Mobile tech drives the business world
April 16, 2015
Mobile technology and portable business solutions are reshaping global commerce every day. While some forward-thinking businesses are more advanced than others, the emergence of mobile solutions cannot be refuted. It’s only a matter of time before mobile technologies become prevalent not just in progressive business regions, but throughout the world.
The numbers behind business mobility
Businesses must find a way to adapt to the world of mobile technologies or face the risk of missing the potential gains, according to Computer Weekly.
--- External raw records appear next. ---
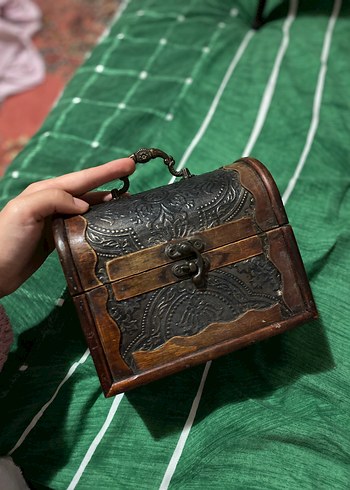 American Vintage Vintage El İslemeli Ahsap Kutu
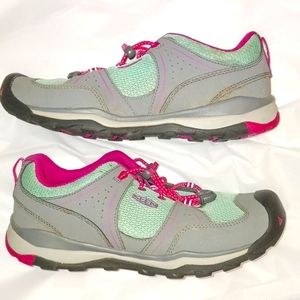 KEEN shoes size 5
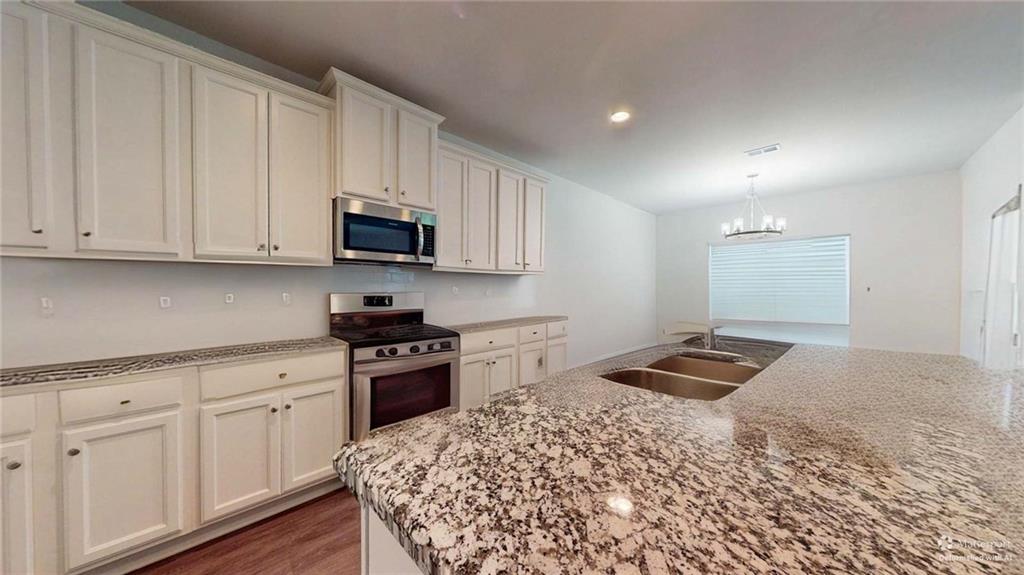 10 Castlemoor Loop Property Photo 17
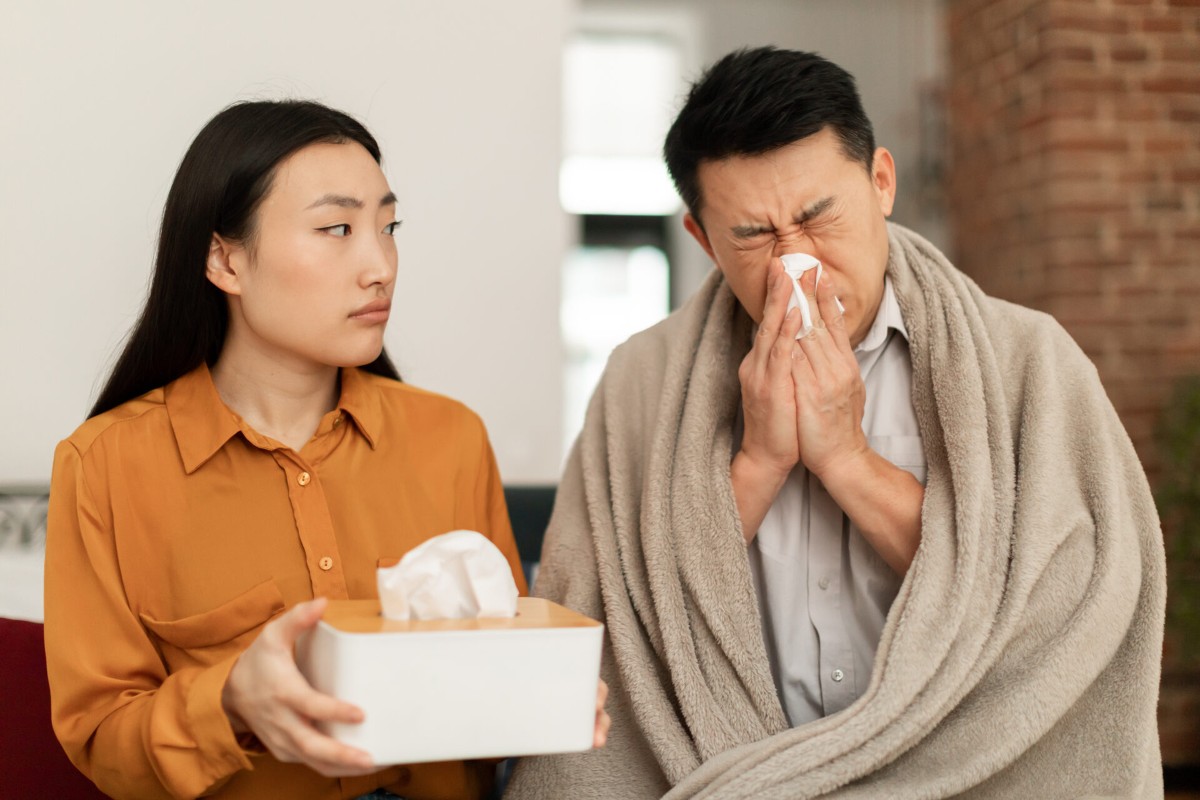 Người dân thường bỏ lỡ "thời điểm vàng" vì phớt lờ dấu hiệu cảnh báo đỏ của bệnh cúm. Ảnh: ShutterStock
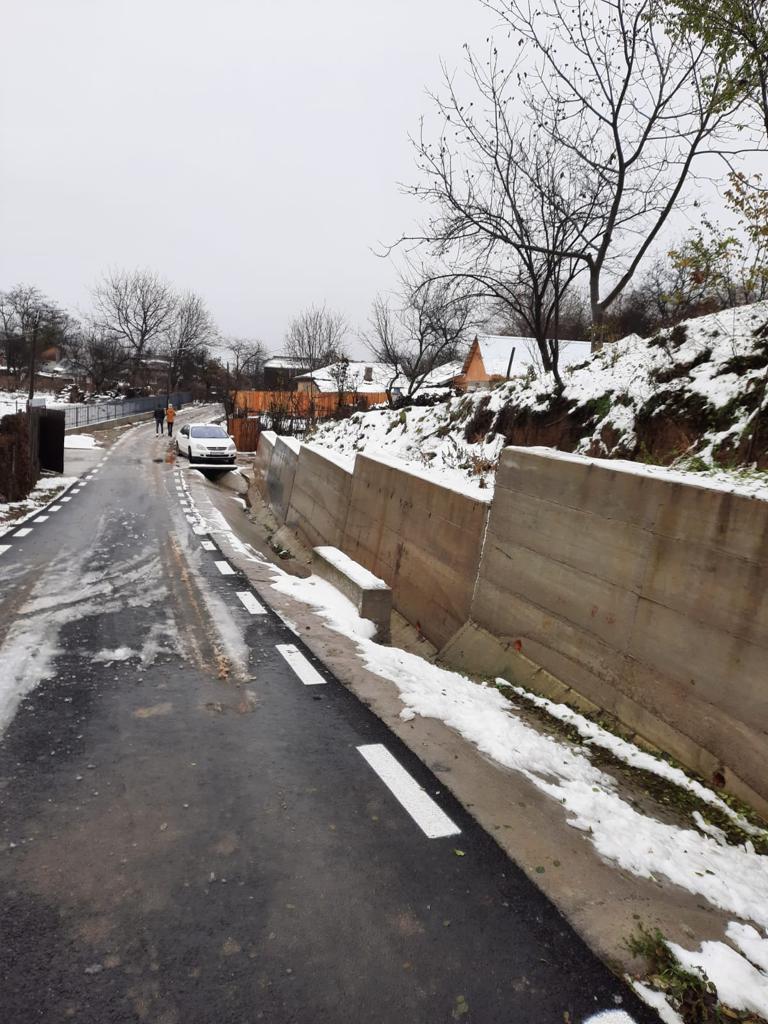 eDezvoltare's tweet image. Străzile din comuna Vârteșcoiu (județul #Vrancea) au fost modernizate prin #PNDL, coordonat de #MLPDA. Proiectul, în valoare totală de 3.152.216,27 lei, a fost recepționat ieri, de către autoritățile publice locale, ca urmare a finalizării lucrărilor.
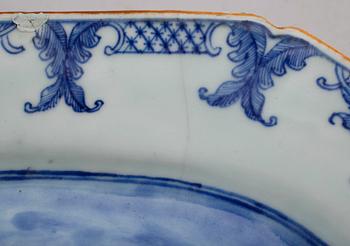 STEKFAT, porslin, Kina, Qianlong 1736-1795.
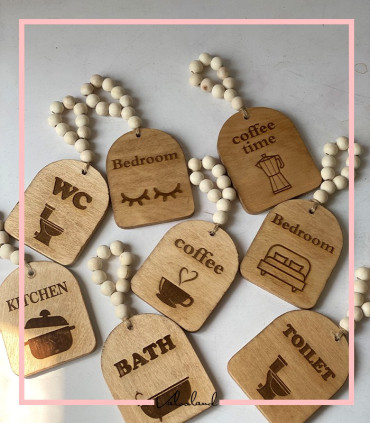 نشانگر چوبی خانه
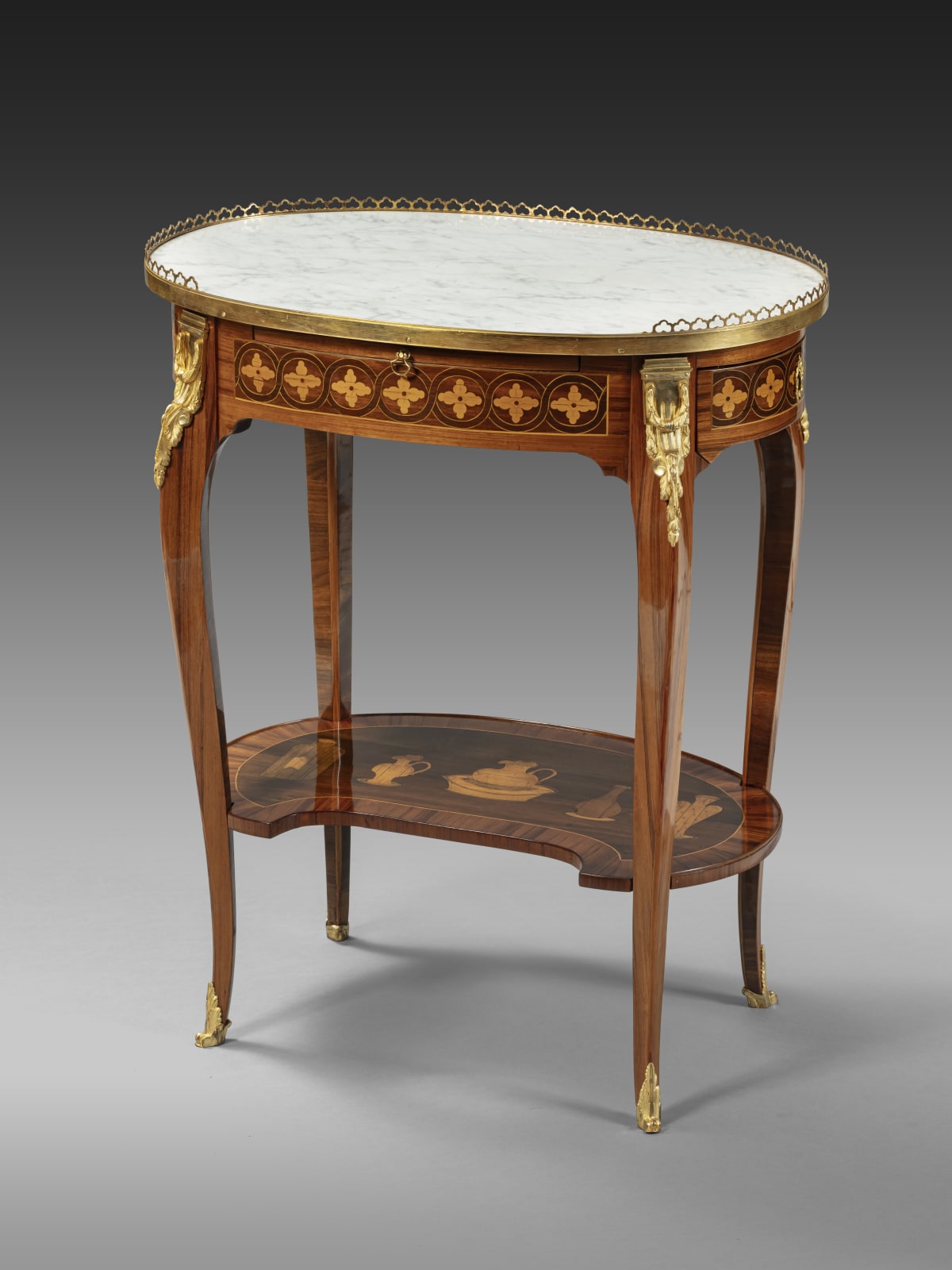 Charles Topino (1742-1803), Table ovale avec plateau en marbre blanc, 18 ème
The publication noted that the ubiquity of smartphones means that businesses must offer services that are compatible with mobile devices. Unisys, a global IT company, recently conducted a survey of 450 chief information officers to get a read on mobile progress in the business world.
The survey found that in the past year, mobility has created new revenue for 75 percent of enterprises with comprehensive strategies. The figure compares favorably to the 30 percent of enterprises with less clarified approaches to mobile technology.
“A fully planned, cohesive approach can make mobility a true business enabler, while an incoherent program creates the risk of a jury-rigged solution with tactical rather than strategic value to the organization,” Darren McGrath, the global director of mobility solutions for Unisys, told the publication.
Yet despite the strong rates of return from mobility, a significant number of enterprises are still at the early stages of understanding. About 8 percent of respondents said that they are “mobile aware” and have some aspects of mobile initiatives, but no overarching strategy or governance. Another 11 percent said that their business has no mobility strategy.
A mobile app seeking a global business audience
Slack, a business messaging and search tool, has emerged as one of the most widely used mobile apps in the tech industry, Fast Company reported. The business has a firm grounding in the Bay Area among data-driven startup and already has 500,000 daily users of the service.
“At this point, maybe the majority of venture-backed Bay Area tech startups use Slack,” co-founder Stewart Butterfield told the news outlet. “But it’s obviously interesting for us to get beyond that.”
While mobile connectivity is an increasingly central part of the business world, adoption occurs at varying levels. Butterfield added that sometimes one sign-up can spark a rush of 50 colleagues who become daily Slack users. However, other enterprises take up to a year to gain familiarity with the app.